WORK ORDER
Restate the following data in its entirety, word for word and without images.

RECORD EXTRACTS
%%
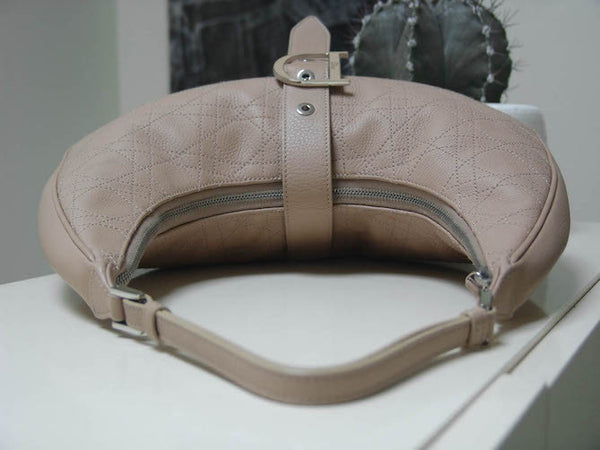 Christian Dior Lady Dior Hobo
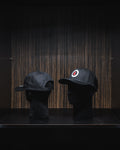 Imola Hat - Snapback - Black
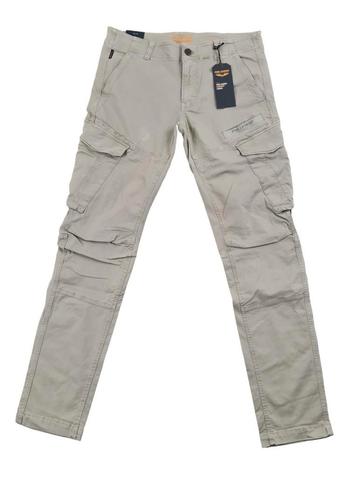 PME Nordrop Cargo 1 Tapered W33 L34 STRETCH JOD3334 NIEUW  beschikbaar voor biedingen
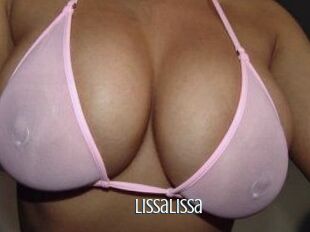 Lissalissa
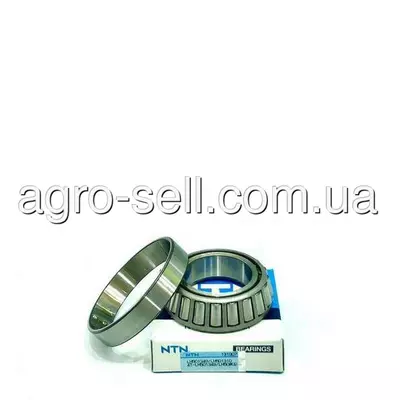 Підшипник 4T-LM501349/LM501310 (JD8902/JD10182+JD8237, DE19357)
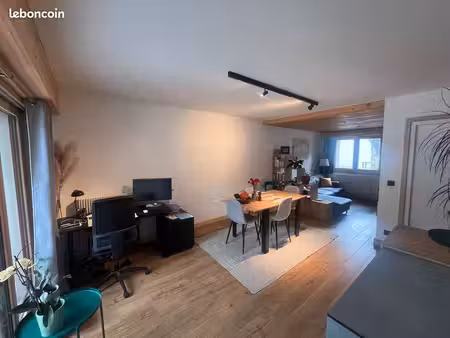 appartement t2 meublé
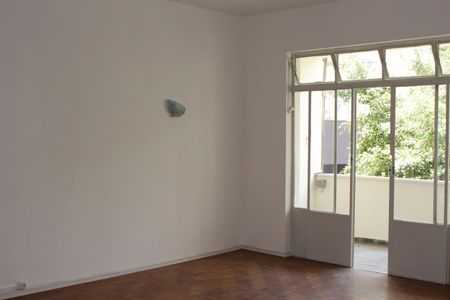 sala  de apartamento à venda com 2 quartos, 111m² em Campos Elíseos, São Paulo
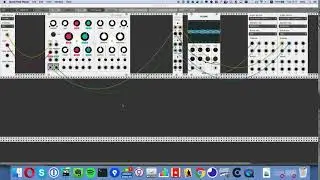 VCV Rack Demo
%%
SOLUTION
 Christian Dior Lady Dior Hobo
 Imola Hat - Snapback - Black
 PME Nordrop Cargo 1 Tapered W33 L34 STRETCH JOD3334 NIEUW  beschikbaar voor biedingen
 Lissalissa
 Підшипник 4T-LM501349/LM501310 (JD8902/JD10182+JD8237, DE19357)
 appartement t2 meublé
 sala  de apartamento à venda com 2 quartos, 111m² em Campos Elíseos, São Paulo
 VCV Rack Demo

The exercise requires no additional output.